Milosevic's refusal to sign an internationally brokered peace agreement in March 1999 precipitated a North Atlantic
Treaty Organization air campaign to crush Serbia's military strength. Following the Serbian retreat from Kosovo, UN
peackeepers moved in and assumed administrative control of the region. However, despite the UN presence, ethnic
Albanians began a series of violent reprisals against Kosovo's small Serb population.
Hoping to extend his hold over the country and take advantage of splintered opposition groups, Milosevic called early
elections in September 2000. Although defeated by Vojislav Kostunica, Milosevic initially refused to step down from
office, inciting massive protests and demonstrations across the country. Shortly after his defeat, the United States and the
European Union (EU) lifted their sanctions against the country. Milosevic was sent to The Hague to face charges of war
crimes and crimes against humanity, including genocide, in relation to his wars against Slovenia, Croatia, and Bosnia. His
trial before a UN tribunal began in 2001 and continued with many delays and suspensions until Milosevic's death in 2006.

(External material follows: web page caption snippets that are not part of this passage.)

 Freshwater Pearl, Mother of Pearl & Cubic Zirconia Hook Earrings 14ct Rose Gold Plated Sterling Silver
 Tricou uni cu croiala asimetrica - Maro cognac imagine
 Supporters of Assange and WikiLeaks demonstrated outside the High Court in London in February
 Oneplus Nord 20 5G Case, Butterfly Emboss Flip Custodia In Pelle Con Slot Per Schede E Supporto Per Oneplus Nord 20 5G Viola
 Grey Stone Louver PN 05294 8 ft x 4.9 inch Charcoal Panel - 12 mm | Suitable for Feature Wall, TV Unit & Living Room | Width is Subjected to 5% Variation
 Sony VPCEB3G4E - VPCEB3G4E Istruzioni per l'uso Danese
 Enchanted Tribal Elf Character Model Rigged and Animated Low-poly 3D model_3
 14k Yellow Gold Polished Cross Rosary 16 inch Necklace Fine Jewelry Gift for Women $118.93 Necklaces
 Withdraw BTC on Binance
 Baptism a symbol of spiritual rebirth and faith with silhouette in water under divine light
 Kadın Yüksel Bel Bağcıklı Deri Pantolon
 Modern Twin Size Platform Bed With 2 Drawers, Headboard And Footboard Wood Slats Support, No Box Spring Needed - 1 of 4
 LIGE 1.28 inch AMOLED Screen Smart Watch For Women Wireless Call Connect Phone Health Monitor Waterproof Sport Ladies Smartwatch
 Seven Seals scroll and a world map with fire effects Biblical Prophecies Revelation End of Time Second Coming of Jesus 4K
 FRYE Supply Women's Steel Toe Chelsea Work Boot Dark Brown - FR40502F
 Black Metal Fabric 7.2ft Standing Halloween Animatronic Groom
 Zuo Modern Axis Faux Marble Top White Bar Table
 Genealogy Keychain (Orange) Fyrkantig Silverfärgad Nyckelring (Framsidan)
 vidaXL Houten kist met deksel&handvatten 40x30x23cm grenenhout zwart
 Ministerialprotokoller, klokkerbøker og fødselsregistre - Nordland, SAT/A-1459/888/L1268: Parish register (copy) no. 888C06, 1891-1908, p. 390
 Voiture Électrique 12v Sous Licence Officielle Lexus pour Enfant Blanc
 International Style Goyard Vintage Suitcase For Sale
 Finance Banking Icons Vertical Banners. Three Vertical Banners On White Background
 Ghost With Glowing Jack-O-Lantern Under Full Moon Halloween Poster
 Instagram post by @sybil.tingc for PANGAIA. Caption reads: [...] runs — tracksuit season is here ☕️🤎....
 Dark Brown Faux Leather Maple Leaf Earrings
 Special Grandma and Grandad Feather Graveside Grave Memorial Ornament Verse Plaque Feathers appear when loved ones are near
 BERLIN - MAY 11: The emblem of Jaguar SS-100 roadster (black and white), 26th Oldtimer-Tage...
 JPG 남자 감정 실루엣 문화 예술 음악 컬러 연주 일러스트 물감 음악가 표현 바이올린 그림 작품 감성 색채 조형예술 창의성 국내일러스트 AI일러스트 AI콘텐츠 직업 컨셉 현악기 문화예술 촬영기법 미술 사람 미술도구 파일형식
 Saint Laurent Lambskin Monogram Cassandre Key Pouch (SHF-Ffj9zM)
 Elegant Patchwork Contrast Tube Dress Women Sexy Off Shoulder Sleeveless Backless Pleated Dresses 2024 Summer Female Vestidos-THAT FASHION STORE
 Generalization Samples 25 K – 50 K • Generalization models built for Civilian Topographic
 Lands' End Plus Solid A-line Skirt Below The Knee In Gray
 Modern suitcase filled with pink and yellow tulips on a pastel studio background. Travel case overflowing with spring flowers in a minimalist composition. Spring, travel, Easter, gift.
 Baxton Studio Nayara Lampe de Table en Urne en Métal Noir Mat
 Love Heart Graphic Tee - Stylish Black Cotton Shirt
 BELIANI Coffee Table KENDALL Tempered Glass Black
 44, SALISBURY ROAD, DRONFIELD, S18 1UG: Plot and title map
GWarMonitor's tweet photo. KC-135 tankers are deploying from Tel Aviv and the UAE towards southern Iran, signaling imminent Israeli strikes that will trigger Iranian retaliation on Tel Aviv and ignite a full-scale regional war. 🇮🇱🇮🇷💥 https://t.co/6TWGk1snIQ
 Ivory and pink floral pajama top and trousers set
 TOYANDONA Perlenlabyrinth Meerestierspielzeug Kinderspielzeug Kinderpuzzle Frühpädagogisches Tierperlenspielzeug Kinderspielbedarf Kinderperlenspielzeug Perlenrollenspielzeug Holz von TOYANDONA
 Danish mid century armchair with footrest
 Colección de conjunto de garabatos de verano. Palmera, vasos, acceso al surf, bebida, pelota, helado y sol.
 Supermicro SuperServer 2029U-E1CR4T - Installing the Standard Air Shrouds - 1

On March 14, 2002, Serbia and Montenegro signed an EU-brokered accord destroying the Yugoslav federation and
forming a new Balkan state. Under the agreement, Serbia and Montenegro became semi-independent states sharing a
common foreign and defense policy but maintaining independent economies, customs services, and currencies. The new
union of Serbia and Montenegro, approved by the Federal Assembly in June 2002 and officially established in February
2003 by the approval of a new Constitutional Charter (2003) and law to implement it, was intended to keep the states in a
loose union for a period of three years, at which time they could reevaluate the agreement and choose to opt out of the
union.
Montenegrins voted in May 2006 to discontinue the union with Serbia. Accepting the vote, Serbia declared its
independence the following month and established diplomatic relations with Montenegro. Also in 2006, the Serbian
government and Kosovo's Serb and ethnic Albanian communities began talks over the future status of the province. These
talks culminated in a UN proposal for Kosovo's supervised independence, which was rejected by the Serbian government.
In the face of this breakdown in negotiations, Kosovo unilaterally declared independence in February 2008 and was
recognized by the United States and most of the EU member states. Serbia and Russia denounced the move and blocked
UN recognition of the breakaway province. NATO and EU troops stationed in Kosovo virtually ensure its independent
existence. In early September 2010 Serbia declared that it would engage in dialogue with Kosovo to resolve the issue,
caving to pressure from the EU and other Western governments. Still, Serbia refuses to recognize Kosovo's independence.